**Task to complete:**
Which lines of the entries below run from the one holding "Detailed view of" to the one holding "un salon avec", inclusive? Set down exactly those lines and no others.

**Data supplied:**

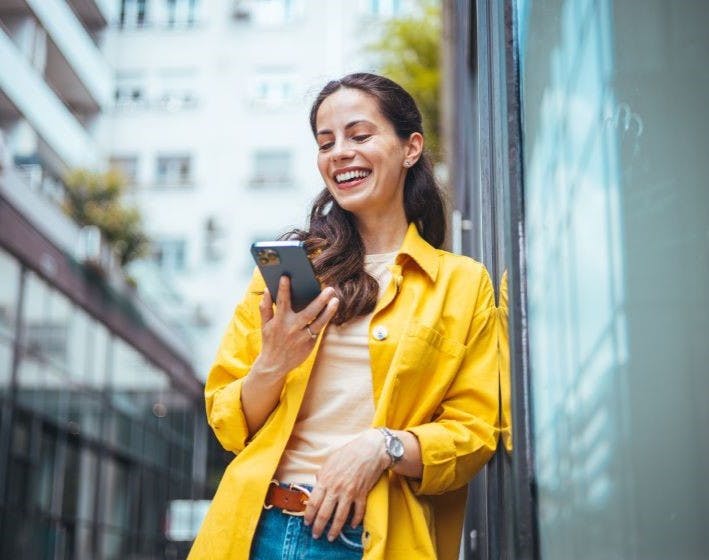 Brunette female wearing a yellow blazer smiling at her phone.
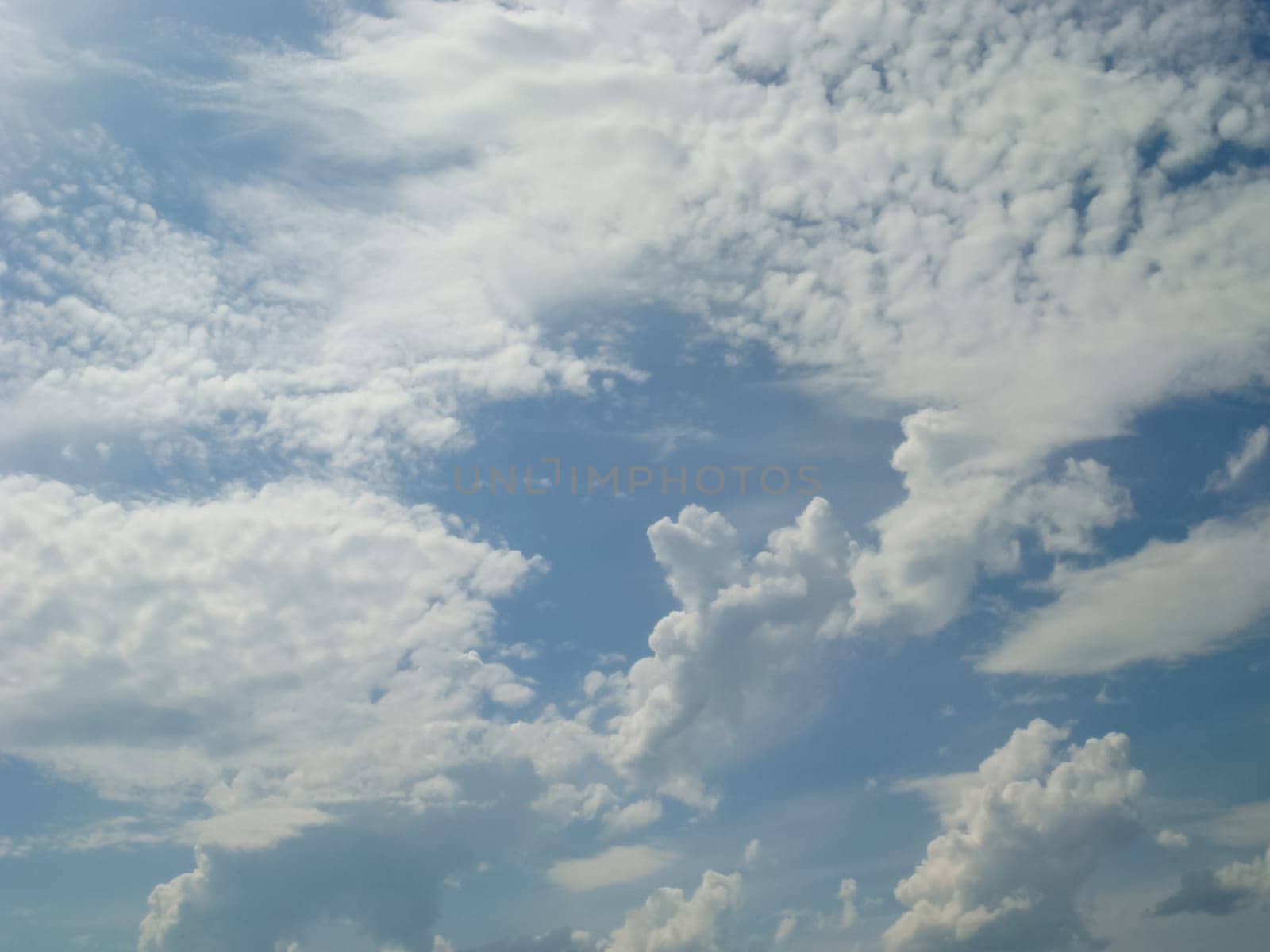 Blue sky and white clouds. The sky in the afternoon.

---

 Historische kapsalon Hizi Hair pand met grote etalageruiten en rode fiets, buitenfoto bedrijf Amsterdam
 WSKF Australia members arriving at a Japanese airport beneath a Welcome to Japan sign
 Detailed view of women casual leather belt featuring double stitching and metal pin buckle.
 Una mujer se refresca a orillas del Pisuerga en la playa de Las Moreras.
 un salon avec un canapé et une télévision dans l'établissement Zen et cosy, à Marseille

**Reply:**
 Detailed view of women casual leather belt featuring double stitching and metal pin buckle.
 Una mujer se refresca a orillas del Pisuerga en la playa de Las Moreras.
 un salon avec un canapé et une télévision dans l'établissement Zen et cosy, à Marseille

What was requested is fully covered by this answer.